The iSchool at Illinois is involved in a partnership that has received a research grant from the Institute of Museum and Library Services for an extension of the Data Capsule service, which enables remote access by the HathiTrust Digital Library to other collections managed by research libraries. The partnership is led by the School of Informatics and Computing at Indiana University.
As the volume of digital content has expanded exponentially over the past several years, researchers and educators have recognized the potential of big data techniques to analyze, access, and organize digital scholarly collections. The Data Capsule service, which was developed for use in the HathiTrust Research Center (HTRC), creates virtual computers for users to access a restricted collection. Within HTRC, the Data Capsule service is used for non-consumptive analytics, which allow the computer to analyze the text but doesn’t allow the user to read or disseminate copyrighted content. Non-consumptive analytics include text extraction, textual analysis and information extraction, linguistic analysis, automated translation, image analysis, file manipulation, OCR correction, and indexing and search capabilities.
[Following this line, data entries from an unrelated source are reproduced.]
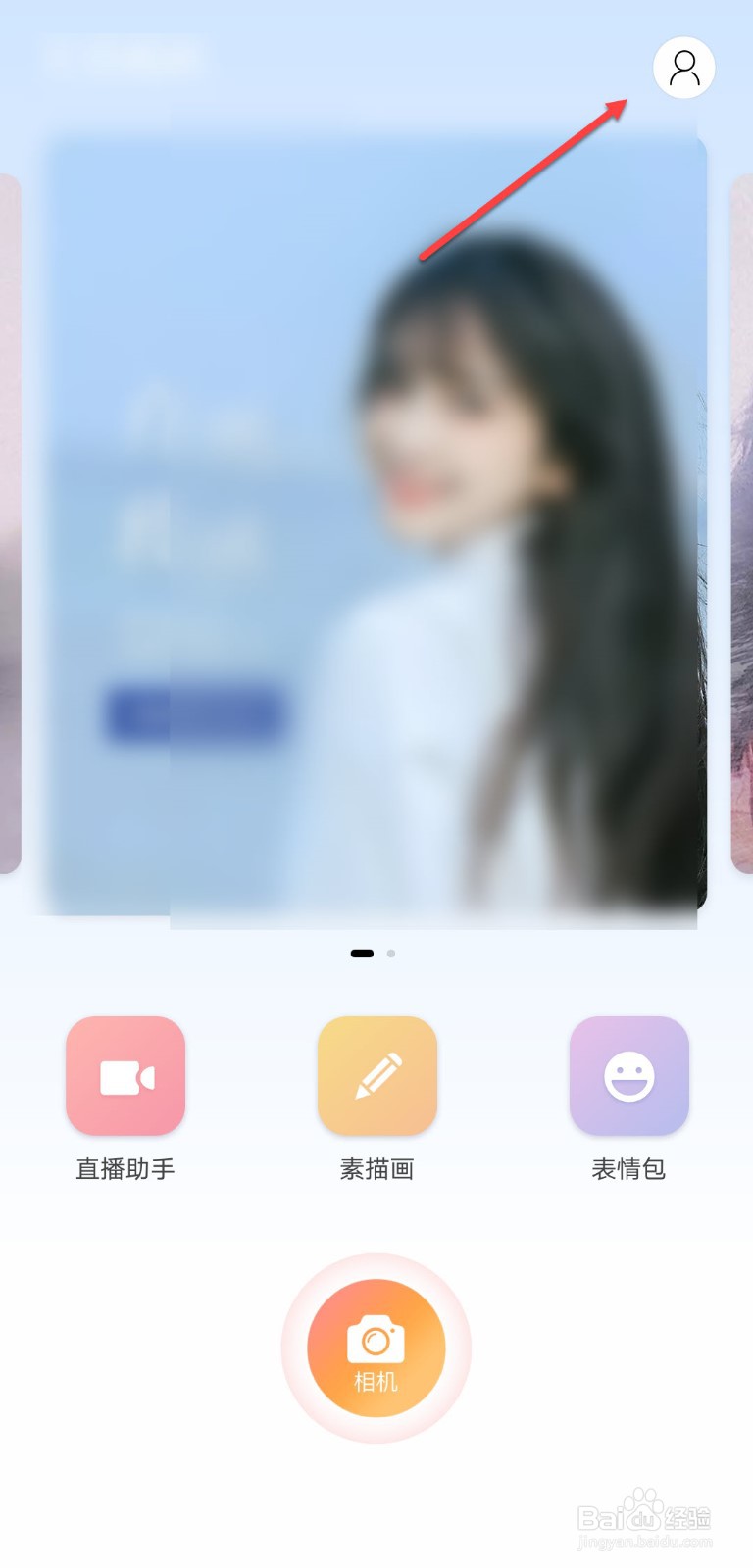 怎样将无他相机语言设置为英语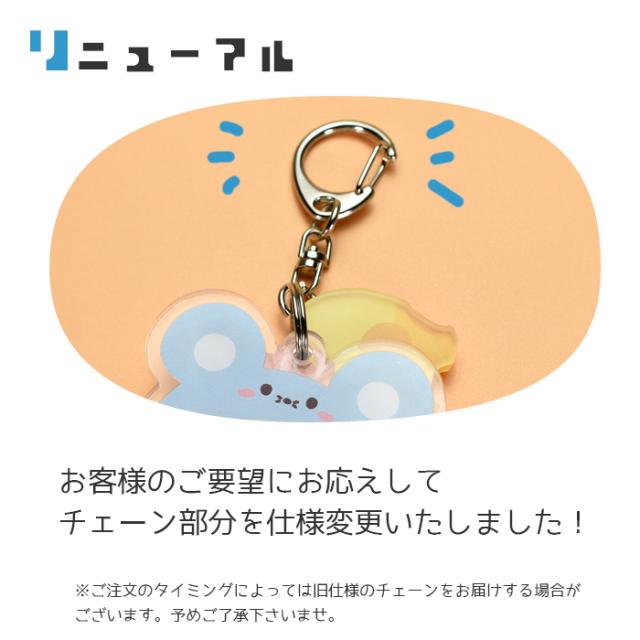 きぐるみキーホルダー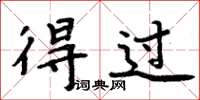 周炳元得过楷书怎么写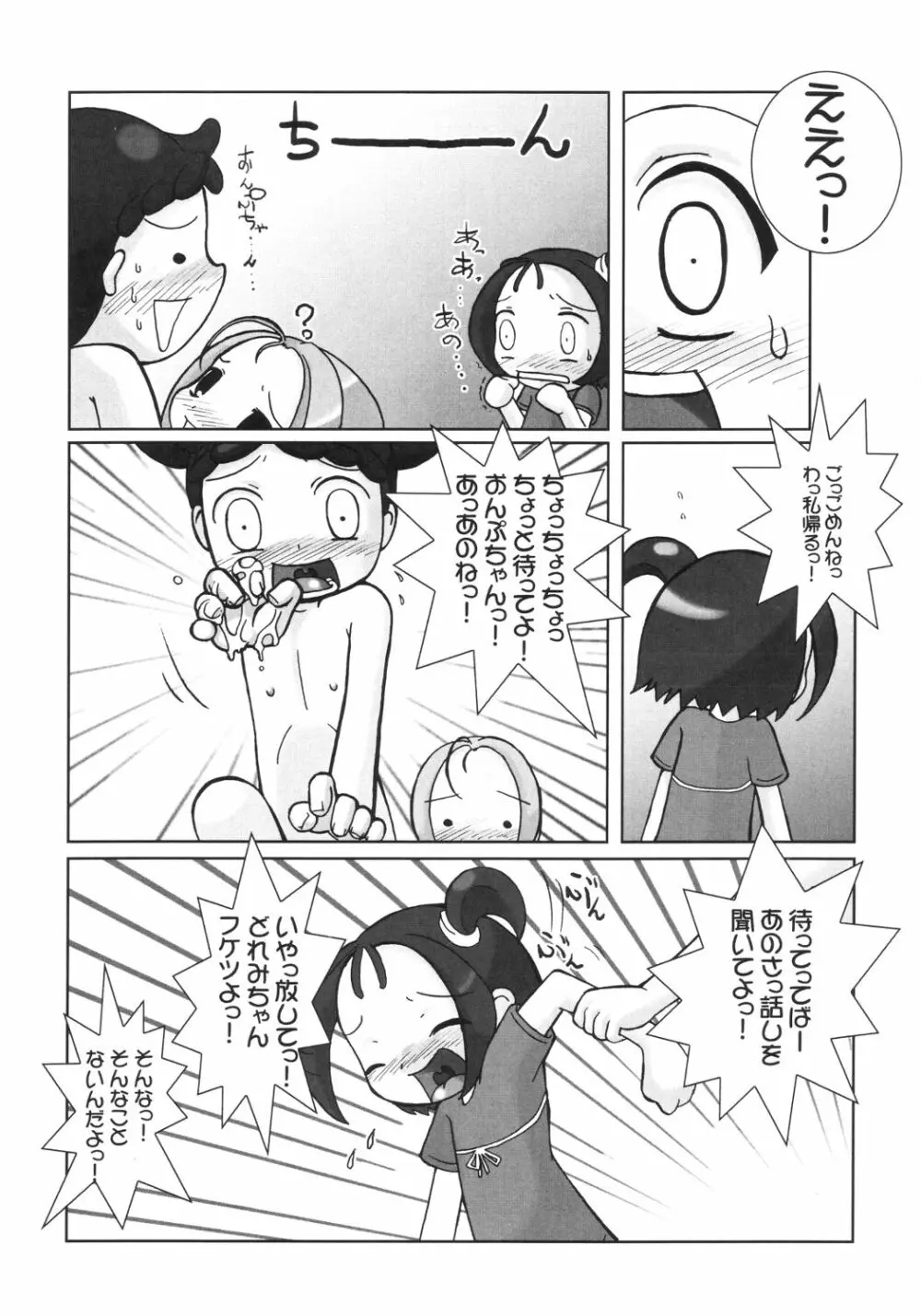 ぺたちん04 Page.23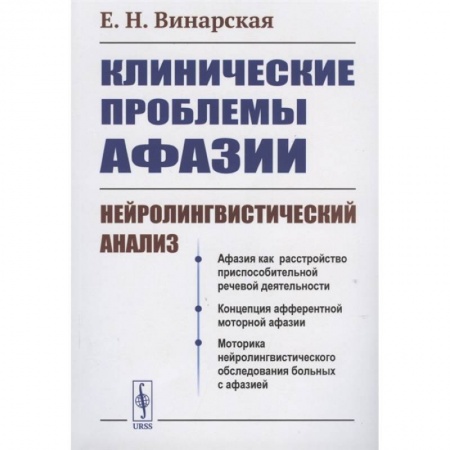 Другие виды специальной медицины, книга Клинические проблемы афазии: Нейролингвистический анализ купить по низкой цене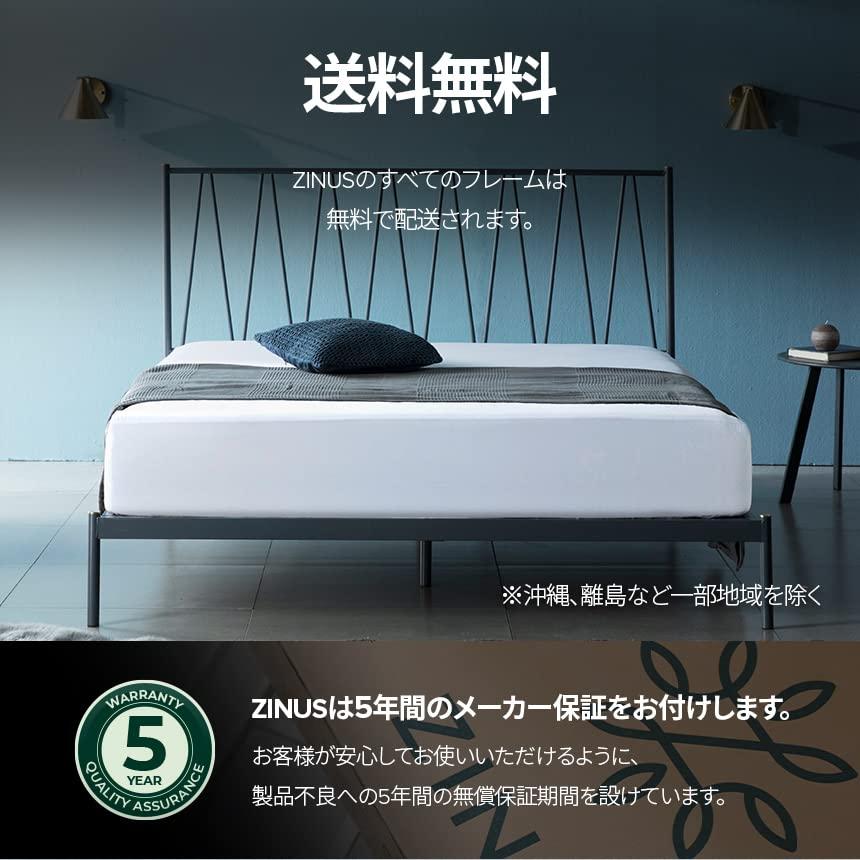 ZINUS メタル ベッドフレーム セミダブル ベッド下収納 耐久性 通気性 Amazon.co.jp: ZINUS メタル ベッドフレーム セミダブル Mia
"Enabling greater library and archival community use of the HTRC Data Capsule service will open some very unique possibilities for use of born-digital content within many different types of libraries and archives," said Beth Plale, professor at Indiana University, who is leading the initiative. "The grant draws from years of experience of providing a similar service within HathiTrust and proposes to evaluate the needs of research libraries in other cases of restricted data requiring safeguarding the interests of right holders and protecting privacy."
The project will partner with eight academic libraries across the country to understand current library needs and practices in provisioning library services for computational access to special collections having constraints due to sensitivity or restrictions. It also will extend the Data Capsule service to broader needs of provisioning for analytical access to restricted collections across a range of collections and uses; study extensions of Data Capsule to cloud computing environments for broader uses; and identify gaps in skills needed for librarians to enable secure data analytics and provide resources that can address those gaps.
Funded partners include Illinois, Indiana, University of California at Berkeley, and the University of Virginia. Lafayette College, MIT, Rutgers University, Swarthmore College, and UCLA are also engaged in the project.
The two-year grant is for $360,000.
"We are delighted to be part of the partnership that is bringing the Data Capsule technology to the broader library world," said J. Stephen Downie, iSchool professor, associate dean for research, and co-director of the HTRC. "This exciting technology opens up analytic access to new collections that would otherwise have been restricted for researchers."